# Must sees, must avoids on charter from Antigua to St. Martin.



## JSL3 (Jun 6, 2007)

I am planning a one way bareboat charter from Antigua to St. Martin. The start date is coming up in the next couple of weeks. I have Chris Doyle's cruising guide and that has a lot of great information but I'm asking around for thoughts on must see locations as well as places to avoid. 

We will be on the boat for 8 nights. We are planning so far to visit the islands of Antigua, Barbuda, Nevis and St. Kitts, (perhaps Statia?). On a previous trip we have been to St. Barts and St. Martin so we have firsthand knowledge of those places but haven't been to the others. We are an experienced crew who like everything from empty anchorages to the occasional busy port for a good meal and nightlife. Experiencing the local feel/food and meeting the people of the different islands we visit is one of the primary reasons for the trip (as I'm sure it is for many of us who sail in far way places).

Anyone out there with any advice?<O</O
Thanks in advance.<O</O


----------



## hphoen (Apr 3, 2003)

Hi, Jim.

I live on Nevis, so I'm prejudiced, but I think you'll like it here. If you leave Antigua early in the morning, you should get to Charlestown, Nevis, in time to clear in. It's an easy downwind sail.

There are moorings off Pinney's beach, just north of Charlestown. Most sailors hang out at the Double Deuce beach bar and restaurant, located at the very south end of the sandy beach. It's an easy walk up to Sunshine's beach bar/restaurant if you want a change of pace. Mark at Double Deuce used to be chef at Montpelier Plantation Inn here, a four star restaurant. They have free WiFi. If you do a taxi tour of Nevis, stop for lunch at the Golden Rock Inn--great lobster sandwiches and a spectacular view of Redonda and Montserrat.

There's not much for sailors on St. Kitts. The best anchorages are on the southeast peninsula, which is mostly uninhabited. The anchorage in Basseterre is unattractive. If you want to do a tour ashore on St. Kitts, you could sail over, or take the ferry from Nevis, and hire a taxi in Basseterre. The best sights to see are Romney Manor (gardens and an active batik studio), Brimstone Hill Fort (nicely restored, spectacular views), and Rawlins Plantation (excellent West Indian lunch, pretty grounds to walk, and Kate Walwyn's art studio). If you decide to do this, get your taxi driver to call Rawlins Plantation to make a reservation for you.

Barbuda is definitely worth seeing. It's a very unique island, low and scrubby, but surrounded by beautiful, turqoise waters. There's a frigate bird rookery on the northwest side--you'll need to hire a guide to see it. You'll have to get across the lagoon to Codrington to clear out, unless you plan to go back to Antigua. 

We've been to Statia only once, and the anchorage was the rolliest we've experienced! Saba is interesting and beautiful, with good snorkeling, but can be very rolly, too. It's a day-sail from Nevis, and then St. Martin is an easy beam reach.

The weather should be generally good, but keep some flexibility in your itinerary. We just had a week or so of 25-30 kt winds. 

Hope you have a great time!


----------



## JSL3 (Jun 6, 2007)

Perfect Hud, this is exactly what I'm looking for. Thanks for taking the time to write it all out. We are very much looking forward to the trip.

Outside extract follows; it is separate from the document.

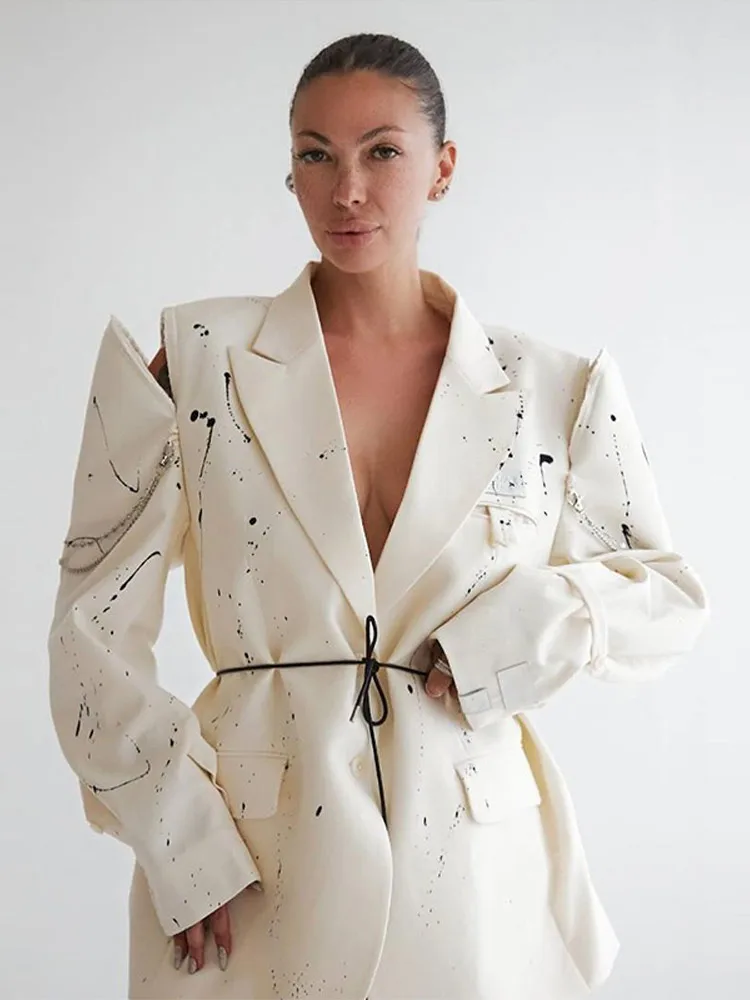 

Graffiti Off Shoulder Suit Jacket Coat Printed Long Sleeve Silhouette Deep V Satin Texture Drape Women Suits Outwear Commute Top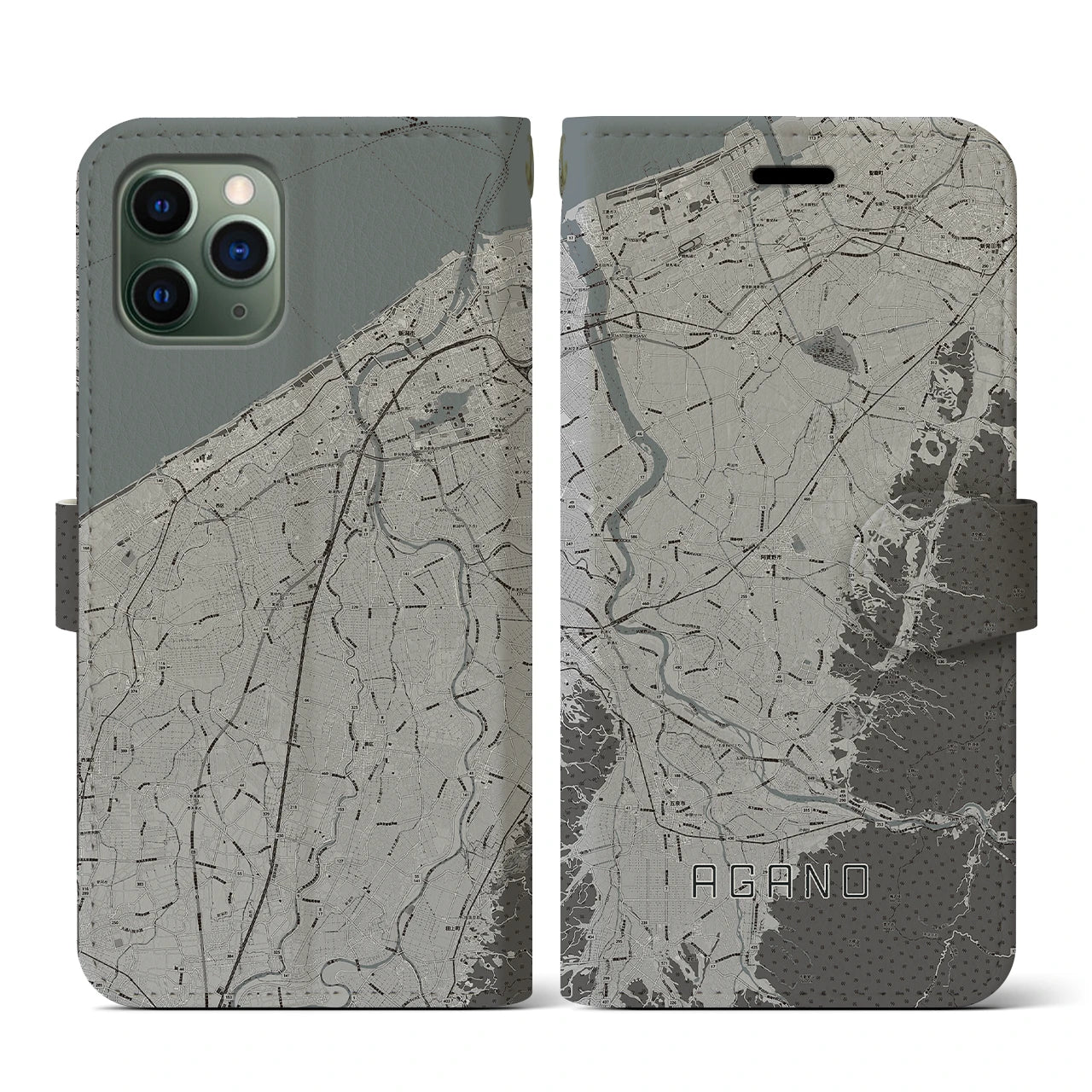 【阿賀野(新潟県)】地図柄iPhoneケース(手帳タイプ)モノトーン・iPhone 11 Pro 用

Our plan is Antigua, definitely Barbuda (the frigate bird tour is on the list) then Nevis in that order. Then on to other stops on the way toward St. Martin. I'll have to figure out the clearing out part since we won't be headed back to Antigua.<O</O

Your descriptions are great - I can almost taste the lobster sandwiches already!<O</O


----------



## billyruffn (Sep 21, 2004)

Note: All my data / impressions are from 2005 and 2006.

Assume you're starting in Antigua, but don't know where. English Harbor and Nelson's Dock Yard (south coast) are great. The Dock Yard is a nice place to splurge for a spot on the quay wall (Med moor). I would avoid eating at the Admiral's Inn (?? or something like that) unless it's under new management. It is a spectacular setting for a restaurant but the prices were sky high and the meal profoundly ordinary. We had our anniversary dinner there and it was a big disappointment. Other spots in the Dock Yard and nearby are much better.

Our second stop on Antigua was at Jolly Harbor -- we went in there to check out. It seemed like a typical modern yacht harbor / condo development in progress. Much of it was un- / underdeveloped at the time we were there so we limited our visit to the customs office and then went and anchored in the next bay to the north (??). 

St. Kitts -- In 2005 we spent a couple of nights at Basseterre on St. Kitts. We took a slip at the "marina", although it's not much more than a boat basin. As I remember the price was reasonable, but there were not many facilities. The place was "under construction" and may still be. I would second the tip on Brimstone Hill. We took an all-day taxi tour and did a circuit of the island. Brimstone Hill was the highlight. Main complaint we had was getting ripped off by the local laundry guy -- on the trip from St. Maarten we left a hatch open and took some water below. The mate used 5-6 beach towels to mop everything up. When we got to Basseterre we sent the towels to the local laundry and we're shocked to learn that the price (based on weight of the laundry bag) was calculated before they washed anything -- so we got charged a small fortune for the salt water in the wet towels. That and the lack of much to do left us with a bit of an attitude towrad the place. We skipped the island on our trip north from Trinidad the next season -- it's definitely a BTDT kind of place. Go once, see Brinstone Hill. That's it. 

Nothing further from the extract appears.